_TASK BRIEF:_
Every entry below is to be copied exactly, apart from any picture it holds.

(Beginning of DATA IN THIS EXERCISE)

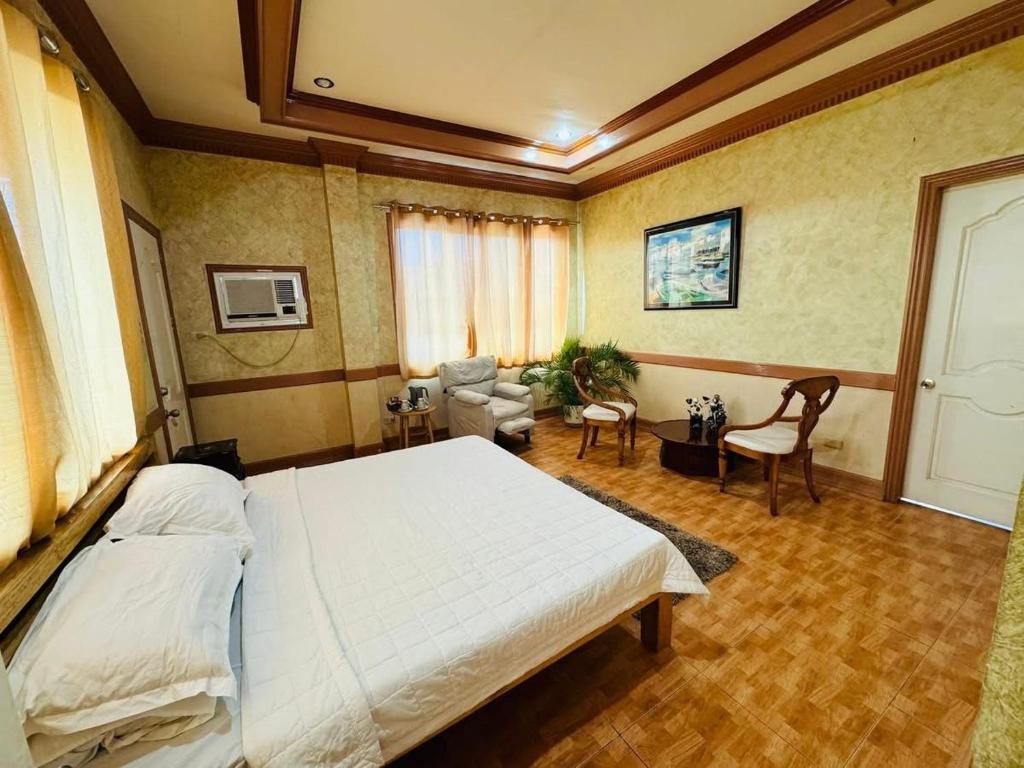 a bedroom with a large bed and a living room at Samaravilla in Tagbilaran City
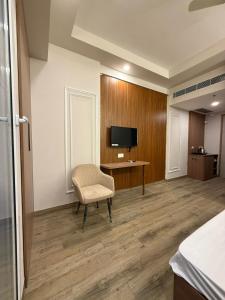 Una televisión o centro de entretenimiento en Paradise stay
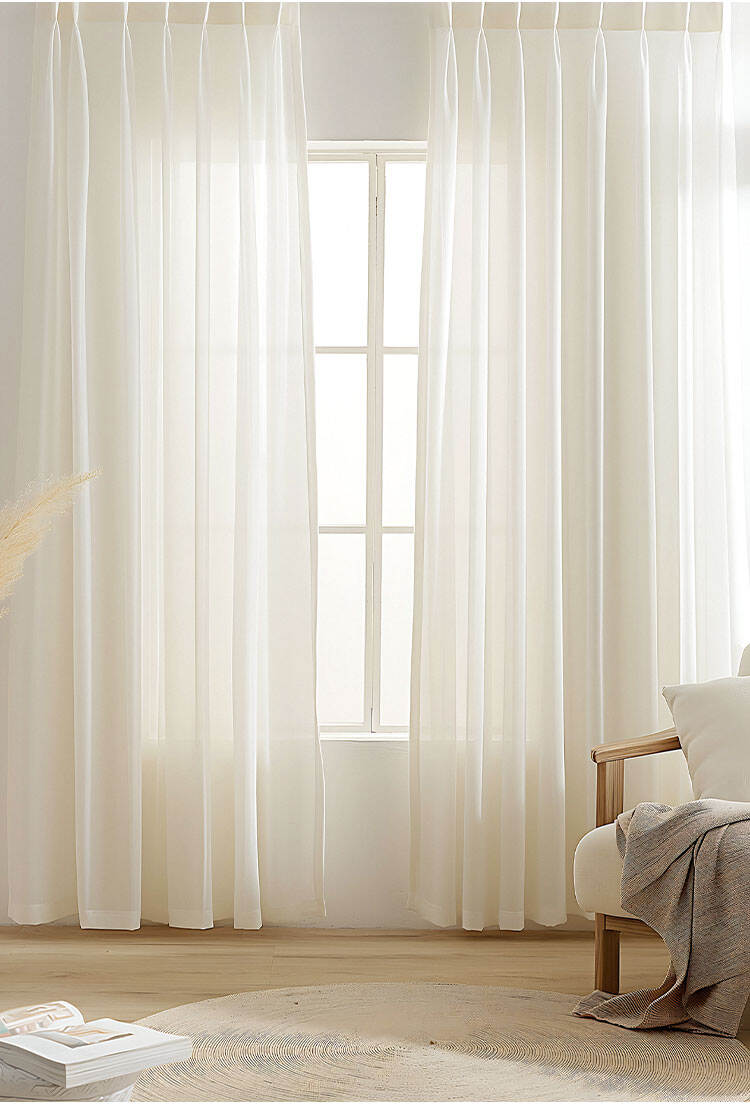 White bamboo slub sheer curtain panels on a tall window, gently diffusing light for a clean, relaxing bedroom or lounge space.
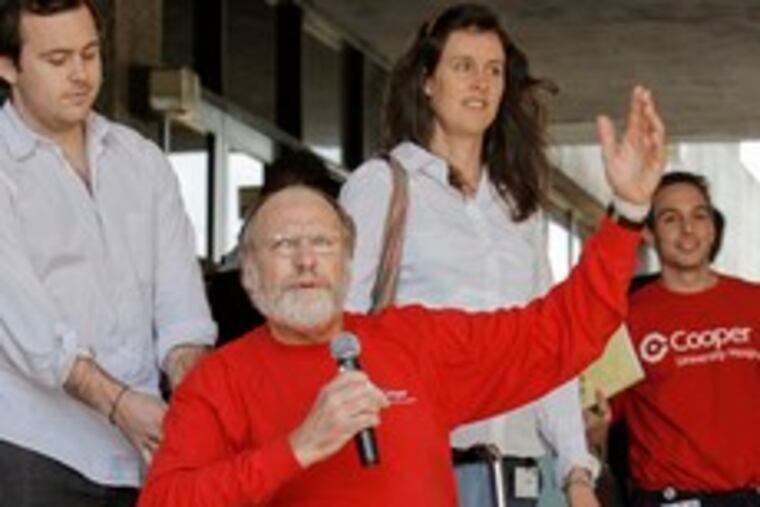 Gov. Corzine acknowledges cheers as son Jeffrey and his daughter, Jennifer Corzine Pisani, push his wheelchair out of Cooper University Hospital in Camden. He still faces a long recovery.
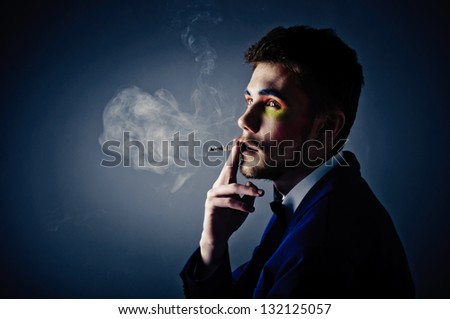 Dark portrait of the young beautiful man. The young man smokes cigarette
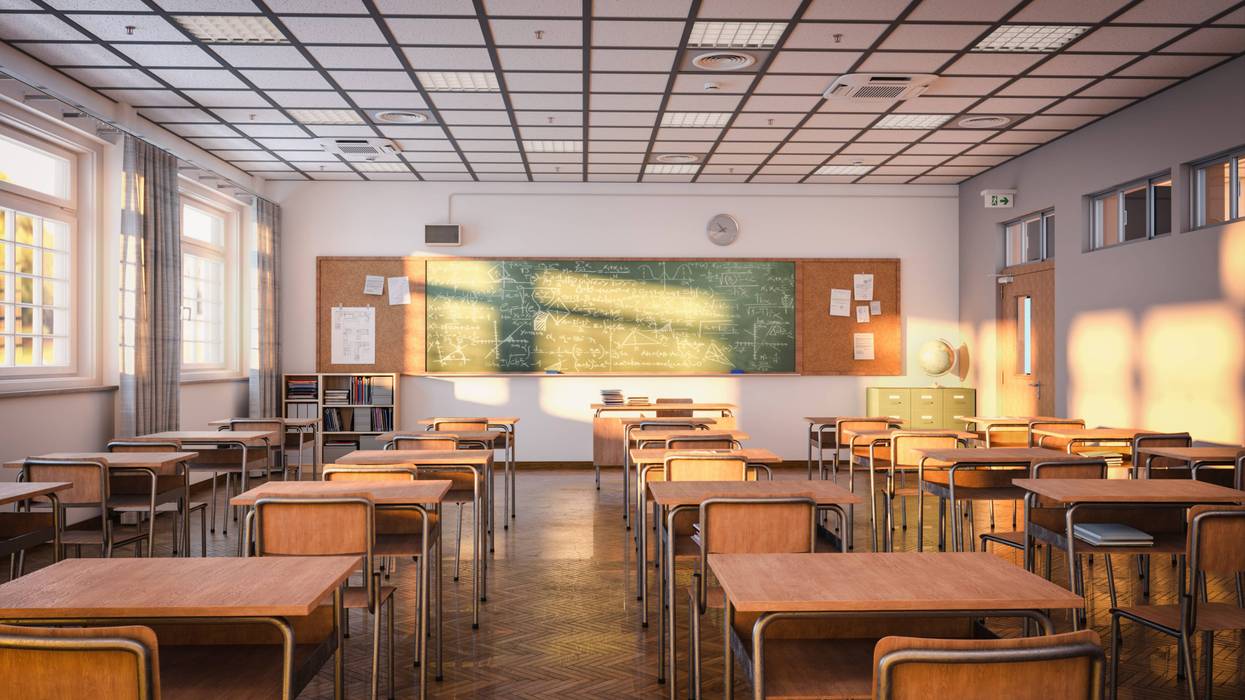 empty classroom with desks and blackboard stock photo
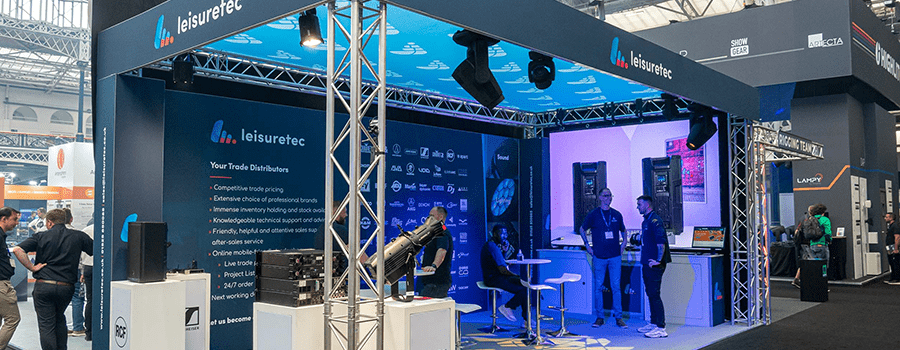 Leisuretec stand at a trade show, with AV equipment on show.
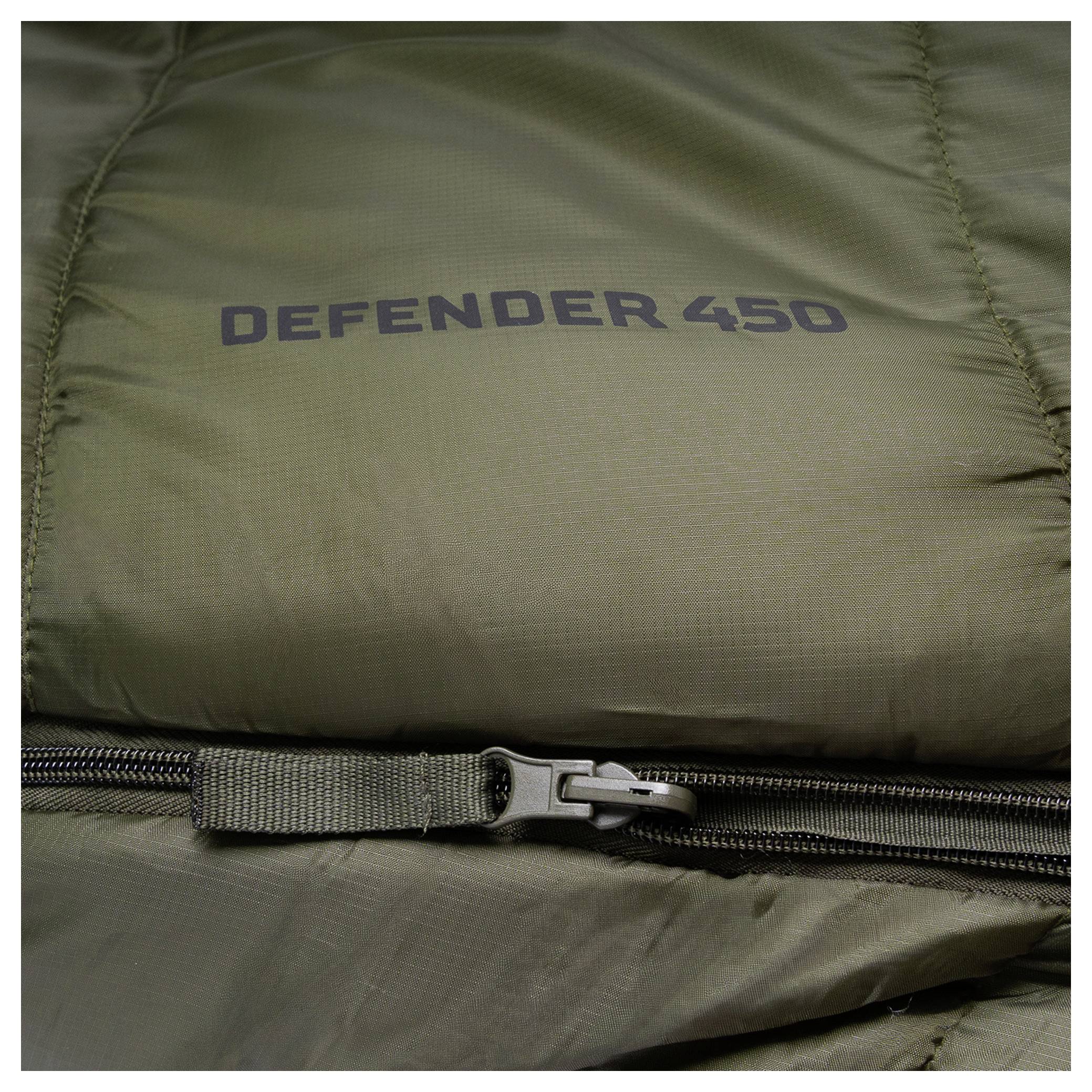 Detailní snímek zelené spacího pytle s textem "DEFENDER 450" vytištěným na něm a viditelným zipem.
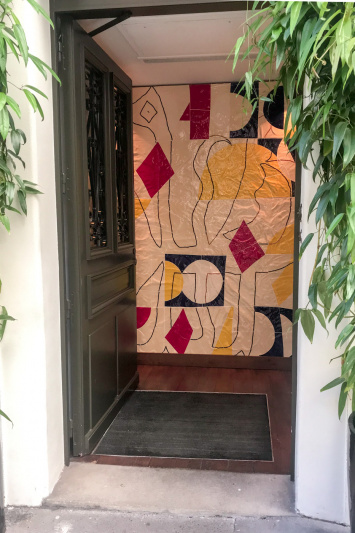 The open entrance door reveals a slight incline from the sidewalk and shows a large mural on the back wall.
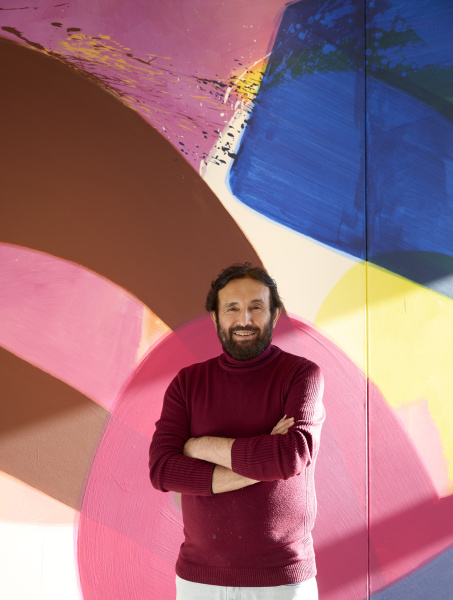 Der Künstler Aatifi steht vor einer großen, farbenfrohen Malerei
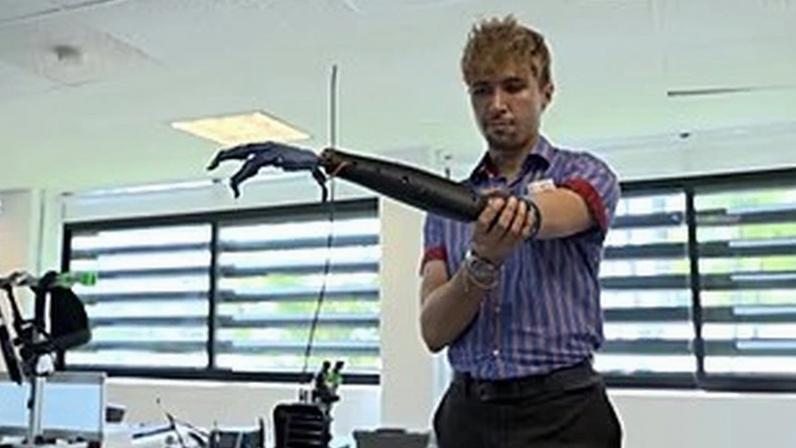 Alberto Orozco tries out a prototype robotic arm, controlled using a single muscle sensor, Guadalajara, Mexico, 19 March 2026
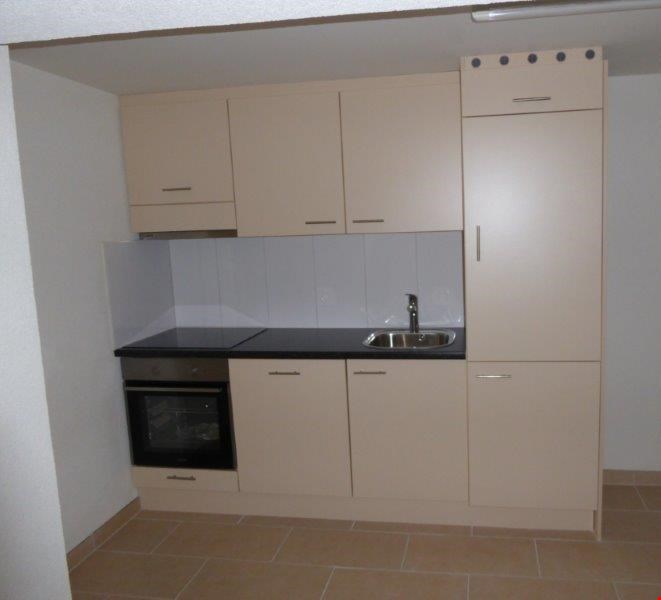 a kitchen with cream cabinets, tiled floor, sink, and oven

(End of DATA IN THIS EXERCISE)

_PROBLEM SOLUTION:_
 a bedroom with a large bed and a living room at Samaravilla in Tagbilaran City
 Una televisión o centro de entretenimiento en Paradise stay
 White bamboo slub sheer curtain panels on a tall window, gently diffusing light for a clean, relaxing bedroom or lounge space.
 Gov. Corzine acknowledges cheers as son Jeffrey and his daughter, Jennifer Corzine Pisani, push his wheelchair out of Cooper University Hospital in Camden. He still faces a long recovery.
 Dark portrait of the young beautiful man. The young man smokes cigarette
 empty classroom with desks and blackboard stock photo
 Leisuretec stand at a trade show, with AV equipment on show.
 Detailní snímek zelené spacího pytle s textem "DEFENDER 450" vytištěným na něm a viditelným zipem.
 The open entrance door reveals a slight incline from the sidewalk and shows a large mural on the back wall.
 Der Künstler Aatifi steht vor einer großen, farbenfrohen Malerei
 Alberto Orozco tries out a prototype robotic arm, controlled using a single muscle sensor, Guadalajara, Mexico, 19 March 2026
 a kitchen with cream cabinets, tiled floor, sink, and oven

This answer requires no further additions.